§ TASK INSTRUCTIONS
Below are the records; copy exactly the stretch from the line containing "TCL中环：上半年预计亏损40亿元―45亿元" through the line containing "Name | Reviewmotors.co", both ends included, and nothing else.
------------------------
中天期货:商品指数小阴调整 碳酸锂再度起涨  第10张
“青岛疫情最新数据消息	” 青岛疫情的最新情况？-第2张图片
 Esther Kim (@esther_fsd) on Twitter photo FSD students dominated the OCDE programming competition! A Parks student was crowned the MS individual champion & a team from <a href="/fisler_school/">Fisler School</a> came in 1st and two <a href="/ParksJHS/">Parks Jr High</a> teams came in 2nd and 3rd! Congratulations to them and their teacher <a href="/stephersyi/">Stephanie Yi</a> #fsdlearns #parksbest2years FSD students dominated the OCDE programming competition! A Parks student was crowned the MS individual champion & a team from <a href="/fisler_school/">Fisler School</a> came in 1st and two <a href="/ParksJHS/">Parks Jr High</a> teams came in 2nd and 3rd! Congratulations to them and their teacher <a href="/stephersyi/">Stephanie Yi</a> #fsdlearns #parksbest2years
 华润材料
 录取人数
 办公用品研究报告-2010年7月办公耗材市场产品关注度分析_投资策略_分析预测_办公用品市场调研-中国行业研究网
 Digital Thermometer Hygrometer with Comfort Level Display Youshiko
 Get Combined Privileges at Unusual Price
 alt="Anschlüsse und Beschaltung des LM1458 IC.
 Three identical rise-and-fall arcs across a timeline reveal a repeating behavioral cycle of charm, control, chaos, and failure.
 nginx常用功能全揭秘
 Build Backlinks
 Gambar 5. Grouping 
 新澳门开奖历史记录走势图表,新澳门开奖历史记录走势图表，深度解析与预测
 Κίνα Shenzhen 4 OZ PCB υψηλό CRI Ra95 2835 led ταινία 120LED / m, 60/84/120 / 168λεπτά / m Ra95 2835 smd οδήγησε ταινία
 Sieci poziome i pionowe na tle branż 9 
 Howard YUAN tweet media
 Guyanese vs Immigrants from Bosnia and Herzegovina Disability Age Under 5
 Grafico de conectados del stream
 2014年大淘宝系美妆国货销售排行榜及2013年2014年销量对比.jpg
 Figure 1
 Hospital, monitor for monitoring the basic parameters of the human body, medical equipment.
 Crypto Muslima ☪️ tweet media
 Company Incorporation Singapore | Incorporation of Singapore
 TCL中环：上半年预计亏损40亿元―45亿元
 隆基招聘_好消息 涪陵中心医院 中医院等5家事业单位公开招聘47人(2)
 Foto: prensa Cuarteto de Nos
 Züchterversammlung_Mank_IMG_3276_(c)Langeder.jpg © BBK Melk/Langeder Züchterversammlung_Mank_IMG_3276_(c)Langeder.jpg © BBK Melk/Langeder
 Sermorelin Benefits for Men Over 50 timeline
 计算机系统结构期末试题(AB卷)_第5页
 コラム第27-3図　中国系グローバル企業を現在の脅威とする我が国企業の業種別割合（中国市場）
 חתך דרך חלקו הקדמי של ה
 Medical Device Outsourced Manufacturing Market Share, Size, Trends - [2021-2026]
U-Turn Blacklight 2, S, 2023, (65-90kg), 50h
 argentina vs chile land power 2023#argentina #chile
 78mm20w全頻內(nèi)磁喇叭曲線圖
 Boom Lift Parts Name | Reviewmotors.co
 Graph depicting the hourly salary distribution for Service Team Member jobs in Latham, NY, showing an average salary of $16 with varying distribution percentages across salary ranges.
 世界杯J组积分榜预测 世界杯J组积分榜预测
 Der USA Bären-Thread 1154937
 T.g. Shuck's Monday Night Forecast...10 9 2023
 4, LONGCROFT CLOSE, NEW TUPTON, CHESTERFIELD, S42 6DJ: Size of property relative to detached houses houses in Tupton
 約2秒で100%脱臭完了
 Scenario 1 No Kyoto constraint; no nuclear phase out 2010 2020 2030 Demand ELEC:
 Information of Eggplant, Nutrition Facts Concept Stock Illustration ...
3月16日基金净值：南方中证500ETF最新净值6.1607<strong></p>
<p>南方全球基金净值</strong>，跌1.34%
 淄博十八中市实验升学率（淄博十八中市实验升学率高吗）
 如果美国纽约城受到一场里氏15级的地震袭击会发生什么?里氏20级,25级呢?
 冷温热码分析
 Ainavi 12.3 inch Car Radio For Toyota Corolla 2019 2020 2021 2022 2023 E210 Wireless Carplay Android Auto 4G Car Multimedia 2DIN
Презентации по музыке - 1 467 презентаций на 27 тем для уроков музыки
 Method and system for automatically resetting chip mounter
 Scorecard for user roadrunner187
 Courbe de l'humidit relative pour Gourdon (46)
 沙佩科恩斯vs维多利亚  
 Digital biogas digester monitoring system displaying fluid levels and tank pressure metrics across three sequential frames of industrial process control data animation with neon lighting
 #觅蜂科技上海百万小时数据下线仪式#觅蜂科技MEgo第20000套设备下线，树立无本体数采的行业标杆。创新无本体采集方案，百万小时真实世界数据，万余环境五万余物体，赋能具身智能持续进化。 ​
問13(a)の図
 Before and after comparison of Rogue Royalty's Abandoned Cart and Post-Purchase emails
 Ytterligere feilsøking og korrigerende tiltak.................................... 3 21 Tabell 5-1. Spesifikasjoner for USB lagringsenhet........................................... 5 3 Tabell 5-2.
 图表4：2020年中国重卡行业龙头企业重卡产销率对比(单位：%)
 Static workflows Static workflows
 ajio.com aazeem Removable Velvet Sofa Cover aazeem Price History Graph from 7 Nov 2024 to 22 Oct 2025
------------------------
§ EXERCISE SOLUTION
 TCL中环：上半年预计亏损40亿元―45亿元
 隆基招聘_好消息 涪陵中心医院 中医院等5家事业单位公开招聘47人(2)
 Foto: prensa Cuarteto de Nos
 Züchterversammlung_Mank_IMG_3276_(c)Langeder.jpg © BBK Melk/Langeder Züchterversammlung_Mank_IMG_3276_(c)Langeder.jpg © BBK Melk/Langeder
 Sermorelin Benefits for Men Over 50 timeline
 计算机系统结构期末试题(AB卷)_第5页
 コラム第27-3図　中国系グローバル企業を現在の脅威とする我が国企業の業種別割合（中国市場）
 חתך דרך חלקו הקדמי של ה
 Medical Device Outsourced Manufacturing Market Share, Size, Trends - [2021-2026]
U-Turn Blacklight 2, S, 2023, (65-90kg), 50h
 argentina vs chile land power 2023#argentina #chile
 78mm20w全頻內(nèi)磁喇叭曲線圖
 Boom Lift Parts Name | Reviewmotors.co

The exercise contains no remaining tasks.